Warning: /snap/bin was not found in your $PATH. If you've not restarted your session since you
         installed snapd, try doing that. Please see https://forum.snapcraft.io/t/9469 for more
         details.

core 16-2.57.6 from Canonical✓ installed
root@VM-Bullseye:~# snap install velbus-tcp
Warning: /snap/bin was not found in your $PATH. If you've not restarted your session since you
         installed snapd, try doing that. Please see https://forum.snapcraft.io/t/9469 for more
         details.

velbus-tcp 1.5.1 from Velbus installed

I also ran the other commands from your script, and the service is up and listening:

root@VM-Bullseye:~# snap connect velbus-tcp:raw-usb :raw-usb
root@VM-Bullseye:~# snap set velbus-tcp serial.port=/dev/serial/by-id/usb-Velleman_Projects_VMB1USB_Velbus_USB_interface-if00 serial.autodiscover=false ntp.enabled=true tcp.host=0.0.0.0,127.0.0.1 tcp.port=27015,6000 tcp.relay=true,true tcp.ssl=true,false tcp.auth=true,false tcp.authkey=velbus,
2022-12-05T20:53:07+01:00 INFO task ignored
root@VM-Bullseye:~# snap enable velbus-tcp
error: cannot enable "velbus-tcp": snap "velbus-tcp" already enabled
root@VM-Bullseye:~# snap get velbus-tcp -d
{
        "logging": {
                "output": "stream",
                "type": "info"
        },
        "ntp": {
                "enabled": true,
                "synctime": ""
        },
        "serial": {
                "autodiscover": false,
                "port": "/dev/serial/by-id/usb-Velleman_Projects_VMB1USB_Velbus_USB_interface-if00"
        },
        "tcp": {
                "auth": "true,false",
                "authkey": "velbus,",
                "cert": "/var/snap/velbus-tcp/common/certificate.pem",
                "host": "0.0.0.0,127.0.0.1",
                "pk": "/var/snap/velbus-tcp/common/privkey.pem",
                "port": "27015,6000",
                "relay": "true,true",
                "ssl": "true,false"
        }
}
root@VM-Bullseye:~# ss -tlpn
State          Recv-Q         Send-Q                 Local Address:Port                  Peer Address:Port        Process
LISTEN         0              0                          127.0.0.1:6000                       0.0.0.0:*            users:(("python3",pid=2342,fd=7))
LISTEN         0              1000                         0.0.0.0:22                         0.0.0.0:*            users:(("dropbear",pid=160,fd=3))
LISTEN         0              0                            0.0.0.0:27015                      0.0.0.0:*            users:(("python3",pid=2342,fd=3))
LISTEN         0              1000                            [::]:22                            [::]:*            users:(("dropbear",pid=160,fd=4))

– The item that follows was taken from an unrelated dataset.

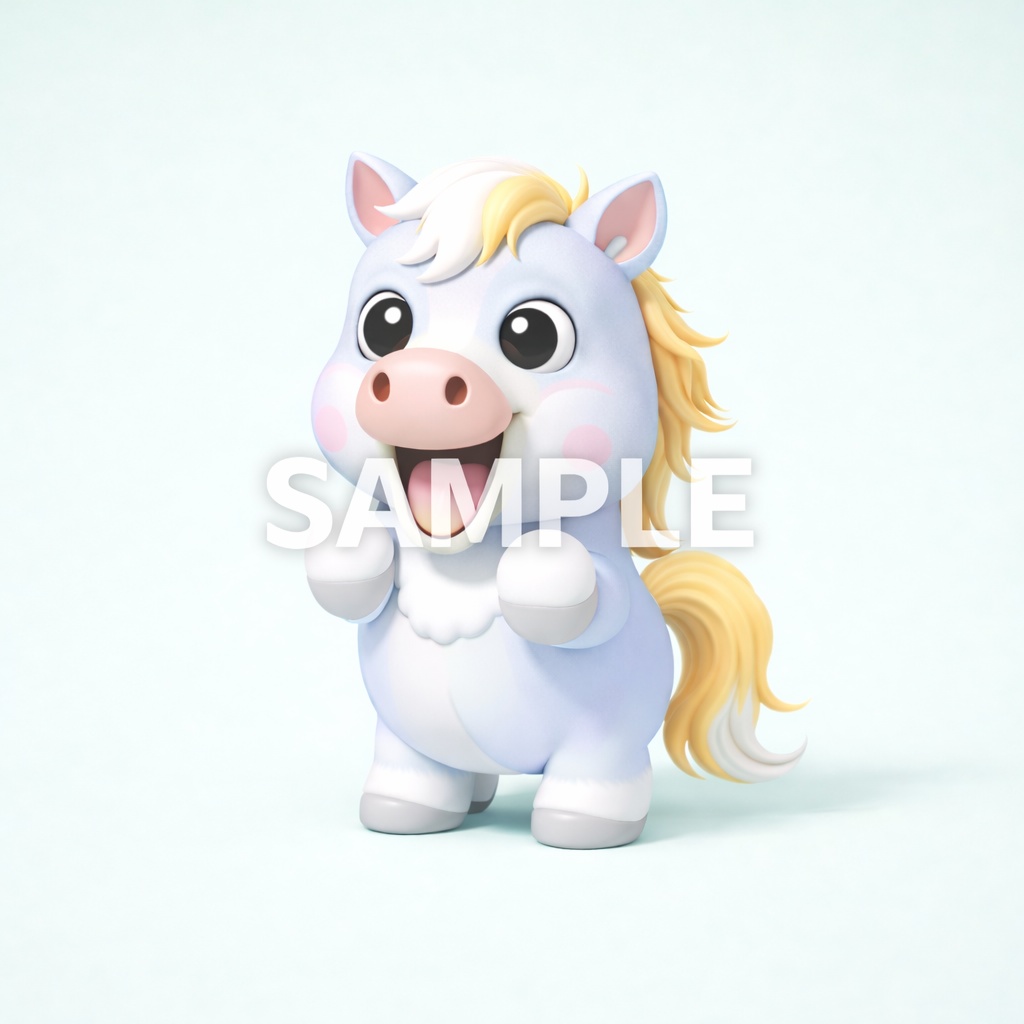 フジヤマ小僧アニマル　3Dアイコン完成品　馬吉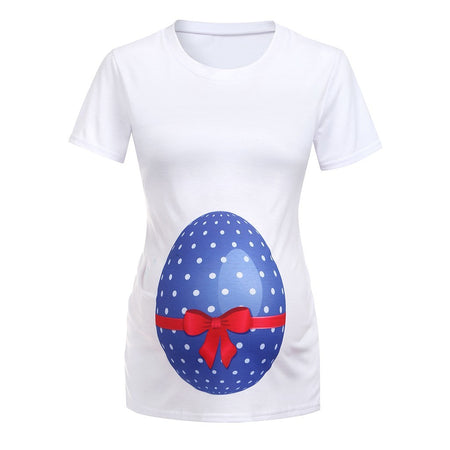 Easter Women Maternity Short Sleeve Cartoon Egg Tops T-shirt Pregnancy Clothes - Futurmama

The only related directory in /tmp is /tmp/snap-private-tmp/snap.velbus-tcp/tmp/ and is empty. /tmp/snap.rootfs_* is only temporarily created on snap startup, to allow mounting stuff inside?

MDAR commented 1 year ago

I've built a few machines from scratch now and none of them have this issue.

I'll go with it being a freak setup when I updated DietPi and without starting fresh with Bullseye

Let's close this and pretend it never happened.

MichaIng commented 1 year ago

Probably there was some kernel feature missing for how recent snap tried to setup and grant access to this tmp dir.